What you need to do ▸ Instruction for the entries below: return the part that opens with the line containing "Pidurangala Rock" and closes with the line containing "Building Photo - 411 Bronx River Rd", exactly, and no pictures.

── Material shown ──

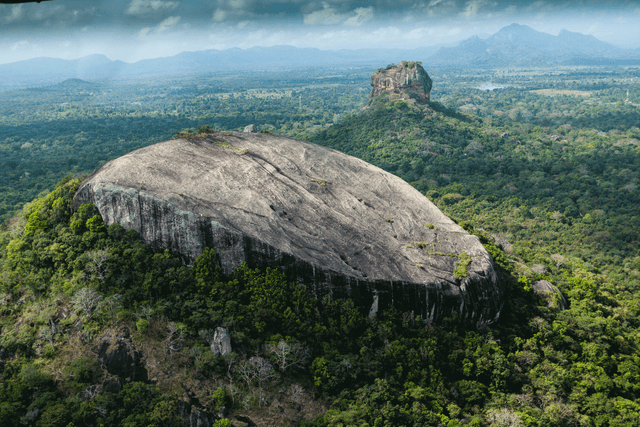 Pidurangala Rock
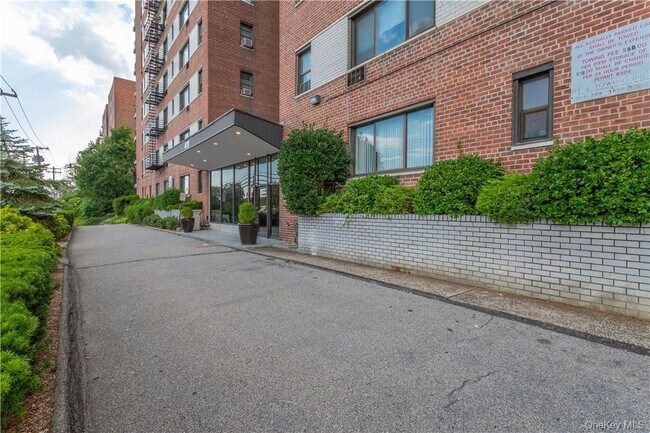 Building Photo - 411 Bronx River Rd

───
── Material shown ──

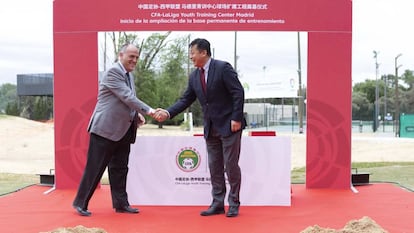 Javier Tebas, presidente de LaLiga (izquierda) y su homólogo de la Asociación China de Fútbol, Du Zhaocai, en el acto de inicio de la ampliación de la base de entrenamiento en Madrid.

───

Written reply ▸
 Pidurangala Rock
 Building Photo - 411 Bronx River Rd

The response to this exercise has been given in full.